Cellule «Art et Antiquités» - Redynamisation - Fonctionnement - Résultats - Vols d'œuvres d'art - Lutte - Chiffres - Évolution - Restitution d'œuvres volées - Procédure - Collaboration avec les services étrangers - Formation des policiers

oeuvre d'art
vol
patrimoine culturel
police
trafic illicite
commerce de l'art
bien culturel
coopération douanière
coopération policière (UE)

Chronologie

18/1/2021Envoi question (Fin du délai de réponse: 18/2/2021)
18/2/2021Réponse

Question n° 7-921 du 18 janvier 2021 : (Question posée en français)

Cette question aborde des aspects pour lesquels tant l'État fédéral que les Communautés sont compétents. En effet, la culture est une matière communautaire, alors que l'autorité fédérale dispose d'une marge de manœuvre pour tout ce qui a trait aux vols d'œuvres d'art. Le Sénat est dès lors pleinement compétent pour aborder cette thématique transversale.

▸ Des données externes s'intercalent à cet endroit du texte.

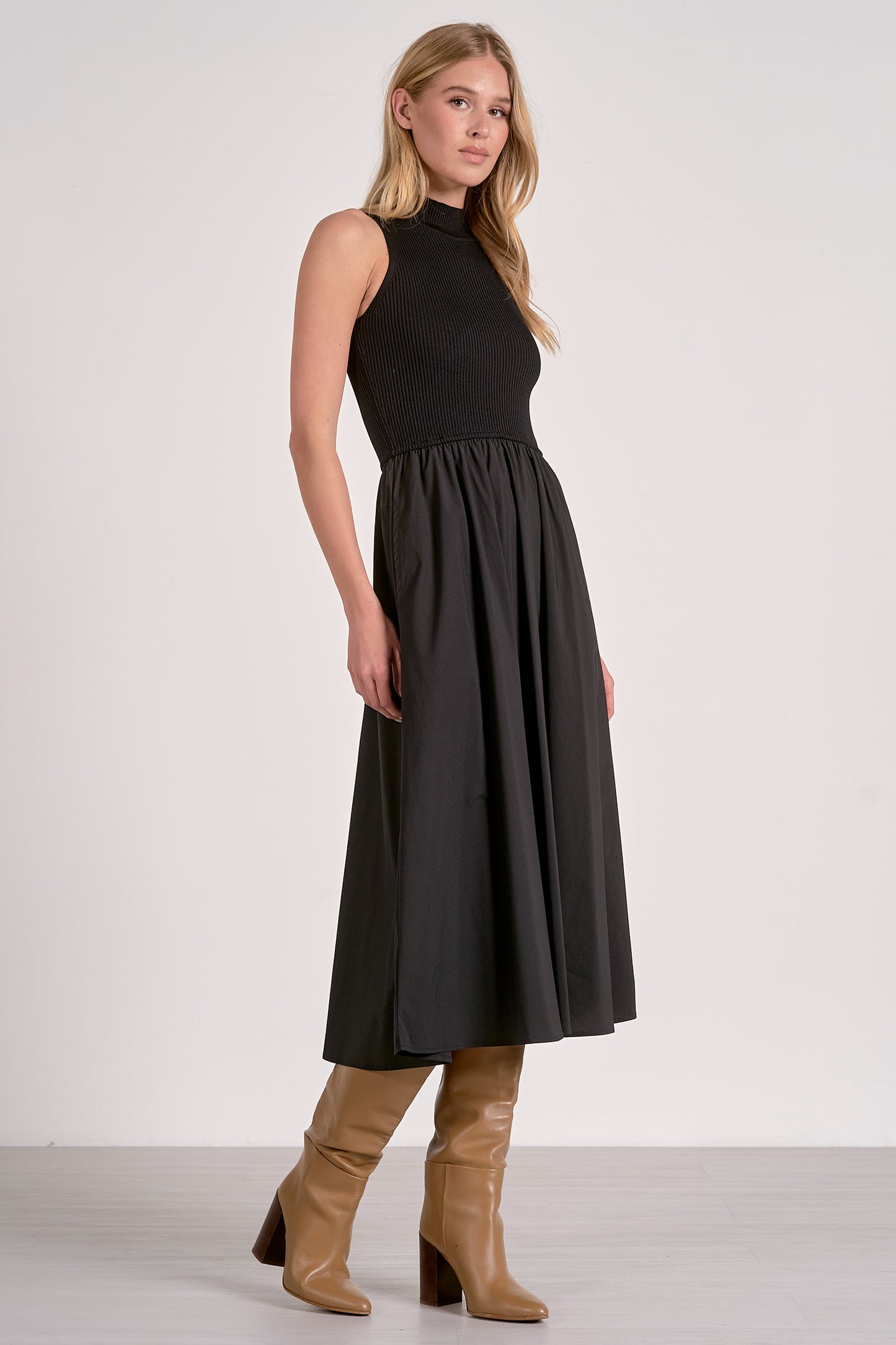 Elan Black Sleeveless Mock Turtleneck Dress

Le patrimoine culturel est en effet un sujet qui mérite toute notre attention.

Il y a quelques mois de cela, il avait été annoncé que la police fédérale était occupée à développer la cellule spécialisée «Art et Antiquités», tant cette section avait représenté le parent pauvre de la lutte contre la criminalité.

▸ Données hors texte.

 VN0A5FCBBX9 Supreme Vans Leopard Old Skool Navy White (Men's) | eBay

Il était notamment fait mention d'une réflexion relative à la mise en place d'une banque de données automatisée pour lutter de manière plus dynamique contre les vols d'œuvres d'art et d'antiquités.

Une dynamisation qui semble nécessaire, surtout lorsque nous considérons la place centrale qu'occupe la Belgique en Europe.

Une bonne coopération entre les différents acteurs, tant nationaux qu'internationaux, participant à cette lutte contre le vol d'œuvres d'art est donc essentielle. La police a effectivement son rôle à jouer, comme cela a été abordé brièvement plus haut, mais les services des douanes en Belgique ont également une mission stratégique en la matière tant la lutte contre le vol d'œuvres d'art représente une problématique internationale.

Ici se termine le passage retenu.